But others say the stability that Lukashenko vaunts is overrated.

“Living (standards) have become worse and my family doesn’t feel the stability that the authorities talk about. Only prices rise stably, not pay,” said 40-year-old Dmitry Velichko.

In Sunday’s election, 516 candidates were contesting 110 parliament seats.

Final turnout figures were not immediately available when the polls closed, but the national elections commission said 70% of the electorate had voted by 6 p.m. (1500 GMT).

Earlier, the commission said 36% of the country’s voters cast early ballots in the election, raising concerns among the opposition that the results could be manipulated because the ballot boxes are unguarded and the vote count is done without the presence of observers.

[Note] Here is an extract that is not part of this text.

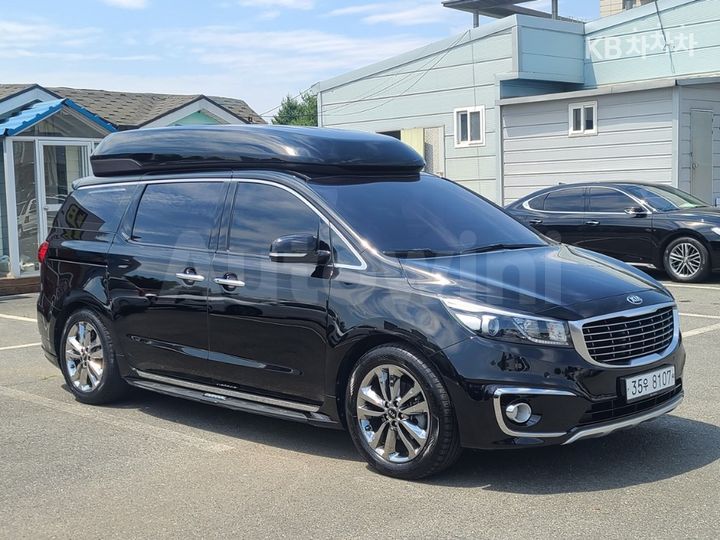 Kia Carnival 2015 — 4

Last week, an independent observer filmed a woman trying to stuff ballots into a box at a polling station in Brest. Election Commission chief Lydia Yermoshina, who has held the job for 23 years, responded by saying the observer who made the video should be stripped of his accreditation.

“It doesn’t matter what an observer says,” she said. “The most important thing is the ballot box. The truth is determined by the vote count.”

The U.S. and the European Union have constantly criticized Belarusian authorities for flawed elections and crackdowns on the opposition, introducing sanctions against Lukashenko's government. But some of those penalties have been lifted in recent years as Belarus freed political prisoners as part of Lukashenko’s efforts to reach out to the West during tense times with Russia, Belarus’ main sponsor and ally.

Moscow has recently introduced higher prices for its oil supplies, dealing a heavy blow to Belarus, which has profited from the export of oil products made from cheap Russian crude. Lukashenko has criticized the price hike as part of the Kremlin’s efforts to coerce Belarus into a closer alliance.